10

На большой перемене Рубашкин поймал Ежика за руку:

— Погоди, Ежик, — он повел его за штакетник в садик, там развлекались все школьники. — Ответь категорично: комсомольская чуткость и принципиальность у тебя еще не совсем притупились, надеюсь?

Они остановились под тополями.

— Как будто не притупились, Костя.

— Обстановочку видишь ясно? Или тебе вправлять мозги придется?

— Вижу ясно и вполне, без выпрямления мозгов.

— Что ты видишь? Скажи конкретно.

— Прижимают нас педы, Костя, мочи нет, а больше всех хваленый директор. Порядочки завелись, как при Аракчееве.

— Аракчеевщина, это точно. Идеологически ты подковываешься у меня на глазах, Ежик.

— Вспомнишь Ивана Дмитрича — небо и земля, Костик. Там была настоящая свобода и действительно новая система преподавания: хочешь зубри, хочешь нет, воля твоя. Никто тебя не спрашивал, не мучал. А это что? Бурса! Помяловский встал из гроба.

— Додумывай до конца. Взгляни и на себя и на других критически. Наш председатель учкома, на кого она стала похожа? Во что превратилась? В подпевалу педов! В придаток шкрабиловке. В подголосок Пахарева. И даже начала заикаться на школьном совете, чего за ней не водилось. Бывало, перед ней все тряслись и, как наметит учком, так и педсовет постановляет. Будьте уверочки. Понимаешь? А теперь что? Учком не учком, а калека на шкрабьих костылях. Авторитет наш с каждым днем понижается. Пахарев забирает нас в руки, даже санком, даже культком, которые под нами ходили, к нему бегают за советом…

— Ужас! Жуть!

— В прошлый раз я смотрю, Богородский оглядывает руки у малышей, волосы, уши… А ты предварительно спросил санкцию у учкома? Ведь культком учкому подчинен. А он: «Я согласовал с Семен Иванычем…»

— Кошмар! Чудовищно!

— Через наши головы катают… Это же превышение власти!

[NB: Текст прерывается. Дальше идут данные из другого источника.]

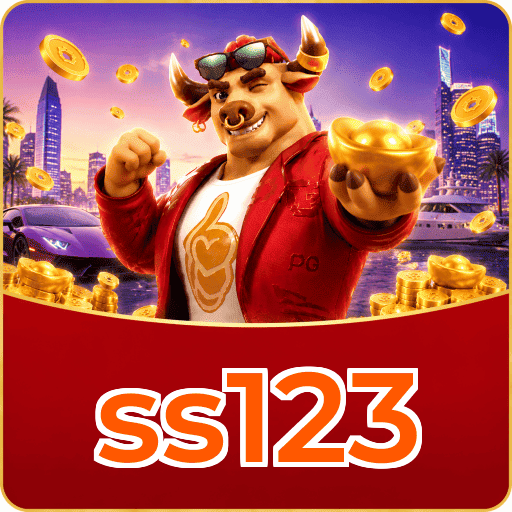 ss123 Instalar Logo 3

— В том-то и дело. Дело швах. ЧП.

— Зажим полный. Ученическая масса требует, а шкрабиловка свою линию гнет. Где же демократизация трудовой политехнической школы? Где классовый принцип? Есть слухи, что он хочет заставить нас убирать двор, копаться в мусоре, хотя есть и завхоз, и Марфуша… Это их дело. Дальше. До сих пор с нами учатся дети мещан, служителей культов — словом, нетрудового элемента: бывшие люди и всякая шваль. Старая школа — школа-одиночка. Учитель в ней — чиновник. Накопление знаний там было бесплодно. Философы только объясняли мир, но дело в том, чтобы его изменить. Кто будет менять? Это — мы.

Рубашкин ударил себя в грудь.

Ежик пожал плечами и грустно улыбнулся.

— Прошляпили, явно впали в оппортуну под влиянием реакционного педсовета. Но ты, Костя, секретарь комсомольской ячейки, ты и давай нам линию… Ты — рулевой. Давай! И вся армия комсомольцев двинется в бой! Вперед, и только вперед!

— Установки даны в трудах классиков марксизма и их последователей. Но чтобы применить к жизни их учения, надо иметь свою голову на плечах. Вот послушай, что на этот счет думает самая рядовая часть здоровой ученической прослойки. Эй, Кишка! — крикнул Рубашкин долговязому и костистому парню в матросской тельняшке. — Иди сюда, кореш!

Кишка перемахнул через штакетник и крупными шагами приблизился к Рубашкину.

— Приветик учкому и комсоргу. Я слушаю.

— Кишка, выскажись конкретно и вполне объективно: нравятся тебе новые порядки в школе, которые завел Семен Иваныч, или нет. Ты только конкретнее, на фактах. По-рабочему.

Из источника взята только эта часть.